He lives in that small house of his, among his turning-lathes and
ivory shavings; dines in said small house, "at a table for four
persons:" only on Sunday, and above all on this Sunday, puts off
his apron; goes across to the Palace; dines there in state, with
his Heir and the Grandees. He has a kinship by affinity to
Friedrich Wilhelm; his Wife (dead long years since), Mother of
this Heir-Apparent, was an Anspach Princess, Aunt to the now Queen
Caroline of England. Poor old fellow, these insignificancies, and
that he descends direct from Philip the Magnanimous of Hessen
(Luther's Philip, who insisted on the supplementary Wife), are all
I know of him; and he is somewhat tragic to me there, turning
ivory in this extremely anarchic world. What the passages between
him and Friedrich Wilhelm were, on this occasion, shall remain
conjectural to all creatures. Friedrich Wilhelm said, this Sunday
evening at Darmstadt to his own Prince: "Still here, then?
I thought you would have been in Paris by this time!"--To which
the Prince, with artificial firmness, answered, He could
certainly, if he had wished; [Seckendorf (in Forster, iii.),
p. 3.] and being familiar with reproaches, perhaps hoped it was
nothing.

From Darmstadt to Frankfurt-on-Mayn is not quite forty miles, an
easy morning drive; through the old Country called of
Katzen-ellenbogen; CATS-ELBOW, a name ridiculous to hear.
[CATTIMELIBOCUM, that is, CATTUM-MELIBOCUM (CATTI a famed Nation,
MELIBOCUS the chief Hill or Fortress of their Country), is said to
be the original;--which has got changed; like ABALLABA into
"Appleby," or GOD ENCOMPASS US into "The Goat and Compasses,"
among ourselves.] Berg-Strasse and the Odenwald (FOREST of the
OTTI) are gone; but blue on the northeast yonder, if your Royal
Highness will please to look, may be seen summits of the SPESSART,
a much grander forest,--tall branchy timbers yonder, one day to be
masts of admirals, when floated down as far as Rotterdam,
whitherward one still meets them going. Spessart;--and nearer,
well hidden on the right, is an obscure village called DETTINGEN,
not yet become famous in the Newspapers of an idle world; of an
England surely very idle to go thither seeking quarrels! All which
is, naturally, in the highest degree indifferent to a Crown-Prince
so preoccupied.--They reach Frankfurt, Monday, still in good time.

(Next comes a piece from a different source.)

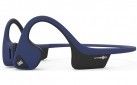 Наушники Aftershokz Trekz Air (AS650MB) Midnight Blue - фото  - интернет-магазин электроники и бытовой техники TTT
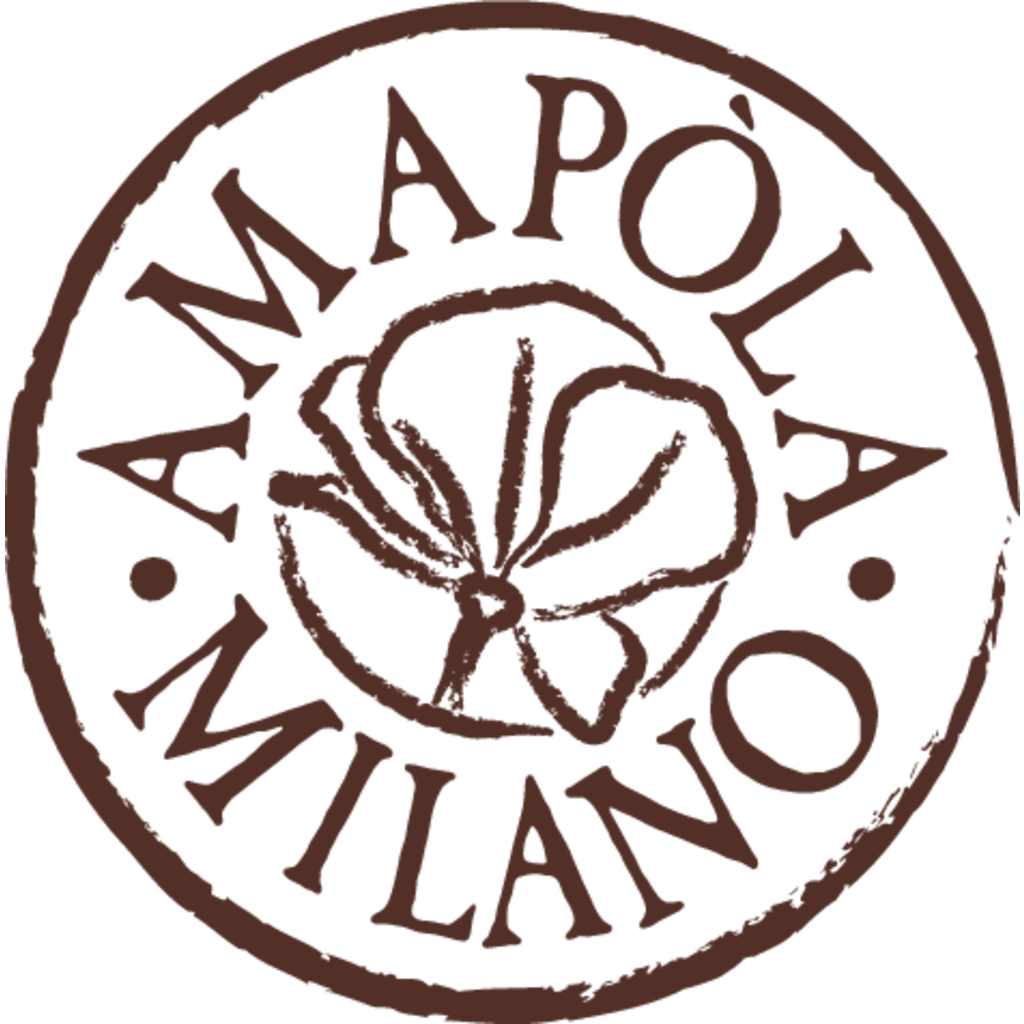 Amapòla,-,Milano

Behold, at Frankfurt, the Trio of Vigilance, Buddenbrock and
Company (horrible to think of!) signify, "That we have the King's
express orders Not to enter the Town at all with your Royal
Highness. We, for our part, are to go direct into one of the Royal
Yachts, which swing at anchor here, and to wait in the same till
his Majesty have done seeing Frankfurt, and return to us." Here is
a message for the poor young Prince: Detected, prisoner, and a
volcanic Majesty now likely to be in full play when he returns!--
Gilt weathercock on the Mayn Bridge (which one Goethe used to look
at, in the next generation)--this, and the steeple-tops of
Frankfurt, especially that steeple-top with the grinning skull of
the mutinous malefactor on it, warning to mankind what mutiny
leads to; this, then, is what we are to see of Frankfurt; and with
such a symphony as our thoughts are playing in the background.
Unhappy Son, unhappy Father, once more!

Nay Friedrich Wilhelm got new lights in Frankfurt: Rittmeister
Katte had an estafette waiting for him there. Estafette with a
certain Letter, which the Rittmeister had picked up in Erlangen,
and has shot across by estafette to wait his Majesty here.
Majesty has read with open eyes and throat: Letter from the
Crown-Prince to Lieutenant Katte in Berlin: treasonous
Flight-project now indisputable as the sun at noon!--His Majesty
stept on board the Yacht in such humor as was never seen before:
"Detestable rebel and deserter, scandal of scandals--!"--it is
confidently written everywhere (though Seckendorf diplomatically
keeps silence), his Majesty hustled and tussled the unfortunate
Crown-Prince, poked the handle of his cane into his face and made
the nose bleed,--"Never did a Brandenburg face suffer the like of
this!" cried the poor Prince, driven to the edge of mad ignition
and one knows not what: when the Buddenbrocks, at whatever peril
interfered; got the Prince brought on board a different Yacht;
and the conflagration moderated for the moment. The Yachts get
under way towards Mainz and down the Rhine-stream. The Yachts
glide swiftly on the favoring current, taking advantage of what
wind there may be: were we once ashore at Wesel in our own
country,--wait till then, thinks his Majesty!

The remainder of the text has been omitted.